Integrating a double cropping model with groundwater-fed irrigation in
the North China Plain
Abstract
Irrigated cultivation, as a prevalent anthropogenic activity, exerts a
significant influence on land use and land cover, resulting in notable
modifications to land-atmosphere interaction and the hydrological cycle.
Given the extensive cropland, high productivity, compact rotation,
semi-arid climate, intense irrigation, and groundwater depletion in the
North China Plain (NCP), the development of a comprehensive
crop-irrigation-groundwater model becomes imperative for understanding
agricultural-induced climate response in this region. This study
presents an integrated crop model explicitly tailored to the NCP, which
incorporates double-cropping rotation, irrigation practice, and
groundwater interactions into the regional climate model. The
modifications are implemented to: (1) enable a seamless transition from
field scale application to regional scale application, facilitating the
incorporation of spatial variability, (2) capture the distinctive
attributes of the NCP region, ensuring the model accurately reflects its
unique characteristics, and (3) reinforce the direct interaction among
crop-related variables, thereby enhancing the model’s capacity to
simulate their dynamic behaviors.
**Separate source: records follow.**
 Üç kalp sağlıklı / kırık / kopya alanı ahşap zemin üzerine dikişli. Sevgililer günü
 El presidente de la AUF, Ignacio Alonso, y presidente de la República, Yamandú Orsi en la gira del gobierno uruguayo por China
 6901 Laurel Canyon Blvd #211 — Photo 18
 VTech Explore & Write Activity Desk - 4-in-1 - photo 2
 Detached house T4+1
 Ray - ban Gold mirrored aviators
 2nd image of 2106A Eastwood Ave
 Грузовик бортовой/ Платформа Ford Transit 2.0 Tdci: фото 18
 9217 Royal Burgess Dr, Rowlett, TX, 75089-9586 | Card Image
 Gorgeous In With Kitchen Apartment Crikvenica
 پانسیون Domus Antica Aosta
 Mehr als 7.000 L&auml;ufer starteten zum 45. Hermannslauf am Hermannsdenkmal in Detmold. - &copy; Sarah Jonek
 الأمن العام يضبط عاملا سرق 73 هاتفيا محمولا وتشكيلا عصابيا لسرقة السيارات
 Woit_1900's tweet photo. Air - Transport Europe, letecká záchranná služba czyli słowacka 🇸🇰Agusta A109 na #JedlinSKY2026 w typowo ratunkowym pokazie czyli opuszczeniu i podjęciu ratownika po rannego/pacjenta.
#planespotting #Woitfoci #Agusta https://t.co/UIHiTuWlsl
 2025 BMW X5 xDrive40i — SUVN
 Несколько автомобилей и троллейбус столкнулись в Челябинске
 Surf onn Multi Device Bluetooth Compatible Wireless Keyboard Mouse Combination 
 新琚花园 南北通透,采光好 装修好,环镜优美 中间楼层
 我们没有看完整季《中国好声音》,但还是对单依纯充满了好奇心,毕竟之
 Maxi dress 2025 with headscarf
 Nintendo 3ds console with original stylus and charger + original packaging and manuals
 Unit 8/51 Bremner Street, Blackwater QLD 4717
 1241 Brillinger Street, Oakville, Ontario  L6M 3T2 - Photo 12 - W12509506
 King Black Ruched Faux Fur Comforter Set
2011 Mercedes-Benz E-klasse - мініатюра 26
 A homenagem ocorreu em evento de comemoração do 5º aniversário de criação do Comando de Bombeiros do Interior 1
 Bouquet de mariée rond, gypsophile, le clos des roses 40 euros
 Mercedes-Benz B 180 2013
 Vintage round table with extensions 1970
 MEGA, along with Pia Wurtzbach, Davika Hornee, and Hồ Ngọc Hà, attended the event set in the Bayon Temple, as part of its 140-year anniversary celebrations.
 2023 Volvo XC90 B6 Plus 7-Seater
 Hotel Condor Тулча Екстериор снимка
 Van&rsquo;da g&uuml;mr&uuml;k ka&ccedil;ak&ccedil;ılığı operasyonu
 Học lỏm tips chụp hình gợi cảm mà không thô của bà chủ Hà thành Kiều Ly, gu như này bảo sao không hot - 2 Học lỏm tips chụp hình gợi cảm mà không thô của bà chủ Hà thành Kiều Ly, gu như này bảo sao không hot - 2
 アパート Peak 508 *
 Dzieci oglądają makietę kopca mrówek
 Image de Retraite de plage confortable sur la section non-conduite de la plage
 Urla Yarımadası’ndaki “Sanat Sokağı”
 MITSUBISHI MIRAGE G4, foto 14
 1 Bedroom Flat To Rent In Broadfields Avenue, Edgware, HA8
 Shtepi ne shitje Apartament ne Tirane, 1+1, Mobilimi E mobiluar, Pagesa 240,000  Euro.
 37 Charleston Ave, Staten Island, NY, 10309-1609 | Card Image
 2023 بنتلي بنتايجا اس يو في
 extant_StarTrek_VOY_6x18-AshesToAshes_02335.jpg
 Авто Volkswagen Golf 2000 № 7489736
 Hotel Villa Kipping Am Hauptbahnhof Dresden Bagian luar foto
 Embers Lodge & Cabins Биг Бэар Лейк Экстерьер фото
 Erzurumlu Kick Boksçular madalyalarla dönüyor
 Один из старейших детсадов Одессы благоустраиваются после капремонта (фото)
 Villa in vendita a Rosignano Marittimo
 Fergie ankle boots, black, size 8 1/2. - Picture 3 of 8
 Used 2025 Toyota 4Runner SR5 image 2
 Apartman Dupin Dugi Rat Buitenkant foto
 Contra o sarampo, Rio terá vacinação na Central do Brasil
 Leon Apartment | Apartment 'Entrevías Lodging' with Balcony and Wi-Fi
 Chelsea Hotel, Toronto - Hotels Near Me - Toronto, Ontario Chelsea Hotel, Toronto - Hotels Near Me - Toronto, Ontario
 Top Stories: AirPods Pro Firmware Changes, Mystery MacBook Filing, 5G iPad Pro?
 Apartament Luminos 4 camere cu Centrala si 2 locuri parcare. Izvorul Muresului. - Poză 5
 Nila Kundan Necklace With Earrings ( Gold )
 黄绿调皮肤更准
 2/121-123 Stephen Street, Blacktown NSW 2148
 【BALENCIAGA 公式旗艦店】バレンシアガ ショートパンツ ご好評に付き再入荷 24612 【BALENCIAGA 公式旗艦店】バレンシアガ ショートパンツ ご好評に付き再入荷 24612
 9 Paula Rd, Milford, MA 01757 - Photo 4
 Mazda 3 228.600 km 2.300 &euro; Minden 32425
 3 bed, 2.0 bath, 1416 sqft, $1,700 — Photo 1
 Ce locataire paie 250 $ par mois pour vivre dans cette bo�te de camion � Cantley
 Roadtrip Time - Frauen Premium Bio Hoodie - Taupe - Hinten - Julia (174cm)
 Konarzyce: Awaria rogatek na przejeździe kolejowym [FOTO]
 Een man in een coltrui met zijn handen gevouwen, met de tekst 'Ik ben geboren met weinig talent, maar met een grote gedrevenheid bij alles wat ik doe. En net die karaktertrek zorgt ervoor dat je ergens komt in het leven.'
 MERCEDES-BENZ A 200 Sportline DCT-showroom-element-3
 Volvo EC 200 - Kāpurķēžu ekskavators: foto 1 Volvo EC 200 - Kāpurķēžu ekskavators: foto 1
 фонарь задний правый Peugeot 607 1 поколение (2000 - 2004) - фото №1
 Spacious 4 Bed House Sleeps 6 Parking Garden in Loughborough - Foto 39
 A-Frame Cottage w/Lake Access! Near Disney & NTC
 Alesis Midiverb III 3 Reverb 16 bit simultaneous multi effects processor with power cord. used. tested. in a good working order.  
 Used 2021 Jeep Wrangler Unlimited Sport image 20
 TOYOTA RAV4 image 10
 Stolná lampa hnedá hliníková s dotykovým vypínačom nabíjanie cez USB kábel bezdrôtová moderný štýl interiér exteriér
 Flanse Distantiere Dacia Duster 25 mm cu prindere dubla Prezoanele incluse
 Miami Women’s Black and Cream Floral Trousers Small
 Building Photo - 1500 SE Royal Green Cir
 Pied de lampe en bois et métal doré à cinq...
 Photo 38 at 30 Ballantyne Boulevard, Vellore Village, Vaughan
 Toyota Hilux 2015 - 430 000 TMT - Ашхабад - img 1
The integrated crop modeling system
demonstrates a commendable performance in crop simulations using
climatic conditions, which is substantiated by its identification of
crop stages, estimation of field biomass, prediction of crop yield, and
finally the projection of monthly leaf area index. In our next phase,
this integrated crop modeling system will be employed in long-term
simulations to enhance our understanding of the intricate relationship
between agricultural development and climate change.